17. Como você vê a realização de um evento, reunião dos escritores no saguão da Furb, como este de hoje dentro do espaço da Universidade?
T.d'B.: Na posição de idealizador deste encontro, mesmo teclando daqui de La Paz, considero altamente positivo sobretudo pela aproximação de escritores da cidade com a comunidade acadêmica do curso de Letras. É de interesse dos autores blumenauenses estreitar esse relacionamento e formar parceria para futuros projetos literários.
18. Na sua opinião, como se pode incentivar, na escola, o gosto pela leitura e pela escrita?
T.d'B.: Com programas de incentivo e criação de concursos onde o aluno se sentirá motivado ou o efeito pode ser inverso.
19. Que conselho que você daria ao estudante de Letras que sente a vontade de escrever um livro?
T.d'B.: Deve antes de tudo, simplesmente escrevê-lo. Deve dar forma a sua inspiração. Trazer para o mundo material. Deve deixar jorrar a veia literária.

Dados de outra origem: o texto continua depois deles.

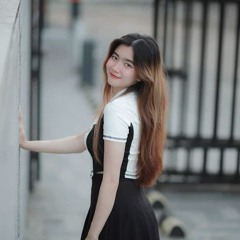 DJ SAKITNYA LUAR DALAM - (BREAKBEAT MASHUB TERBARU 2025 BY:ALL)(laju 100).mp3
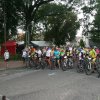 Oleszka 2017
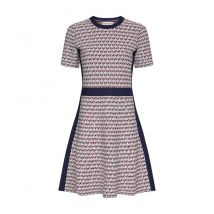 Tommy Hilfiger - Dress for Women - XS - Multicolor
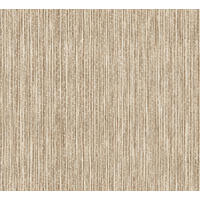 TAPETE Bambusmuster 53 cm x 10 m - Braun, Papier (53/1000cm) - Sanders & Sanders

A batalha para publicação é outro assunto.
20. Uma mensagem para os meus colegas de sala, futuros professores da Língua Portuguesa e Literatura Brasileira?
T.d'B.: Como todos sabem no Brasil se lê pouca literatura. Eis a responsabilidade da nova geração de professores. Quem fizer uma criança ou um jovem interessar-se pelo mundo das palavras estará ajudando a formar um brasileiro mais culto, mais crítico e mais expansivo.